**Work to be completed**
Beginning with the line that holds "Restaurant Place-Verte" and ending with the last line, please repeat the entries exactly and omit the pictures.

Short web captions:

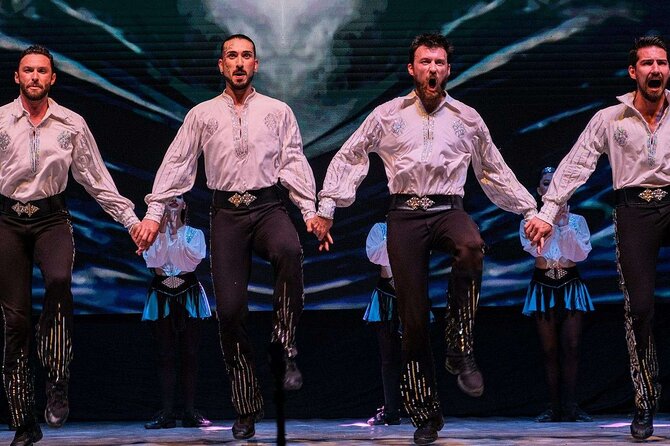 Fire of Anatolia Show at Atatürk Cultural Centre in Istanbul - Venue Information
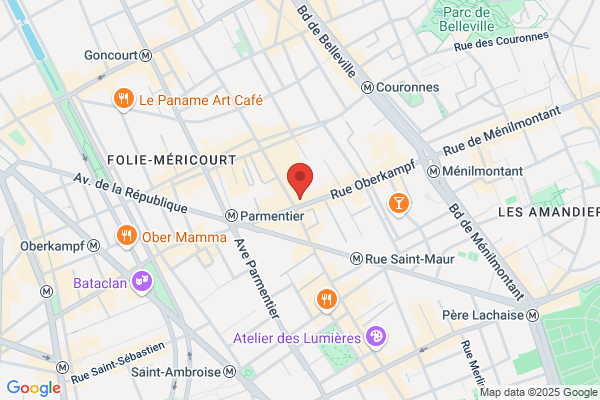 Restaurant Place-Verte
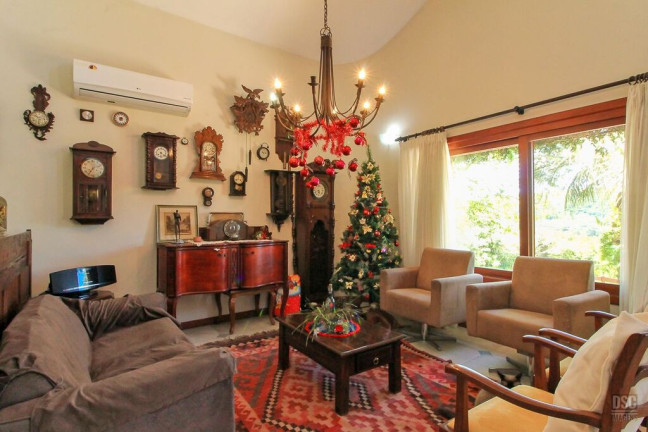 Imagem Casa de Condomínio com 3 Quartos à Venda, 389 m² em Vila Nova - Porto Alegre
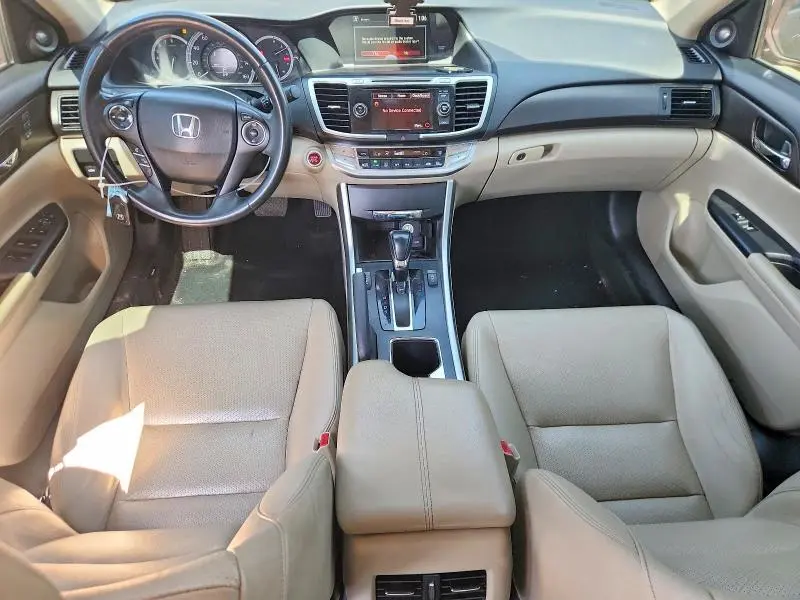 2014 HONDA ACCORD EXL  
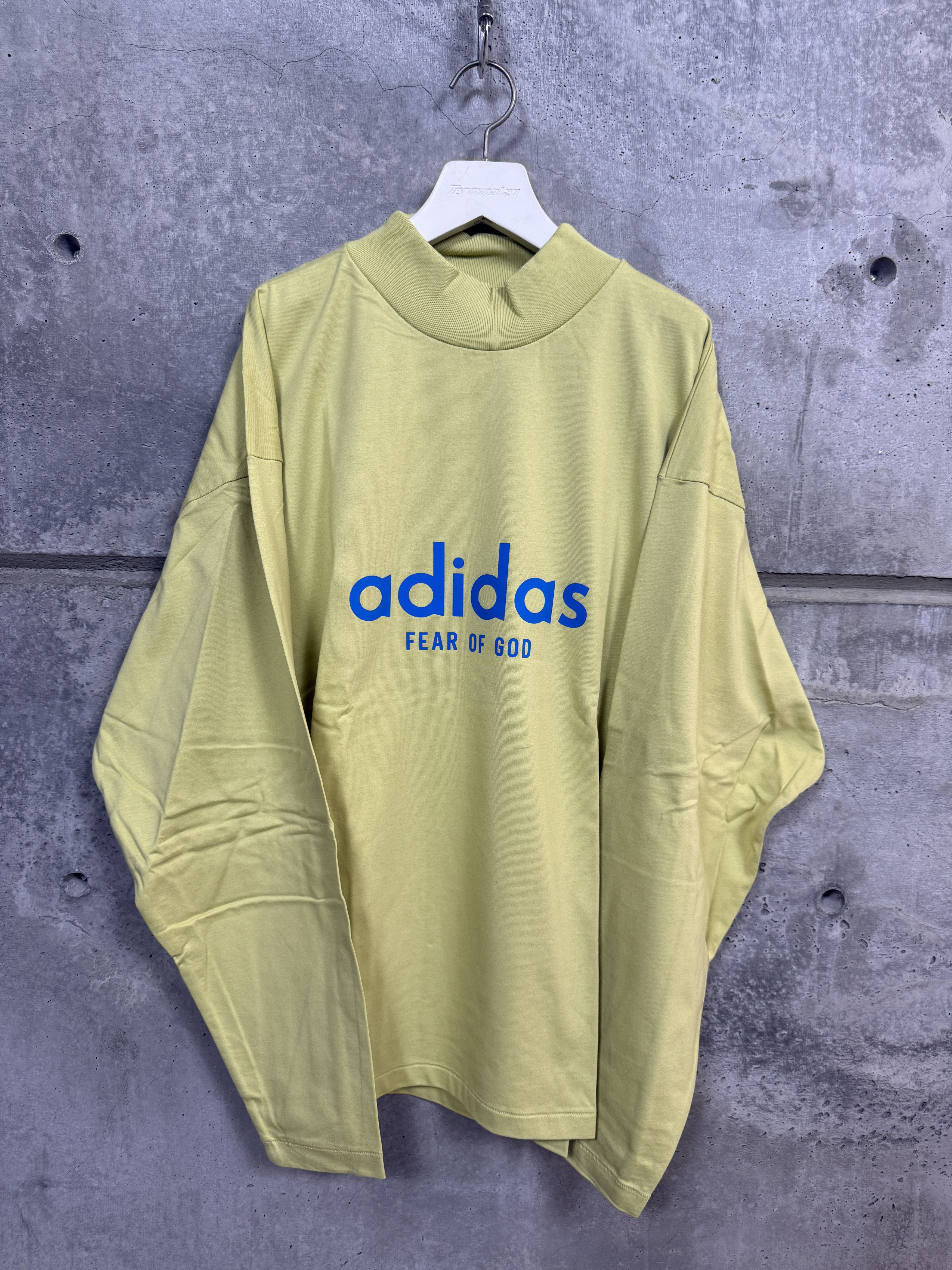 Adidas x FOG Adidas x Fear Of God Athletics Perform S/S T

**Result of the task**
 Restaurant Place-Verte
 Imagem Casa de Condomínio com 3 Quartos à Venda, 389 m² em Vila Nova - Porto Alegre
 2014 HONDA ACCORD EXL  
 Adidas x FOG Adidas x Fear Of God Athletics Perform S/S T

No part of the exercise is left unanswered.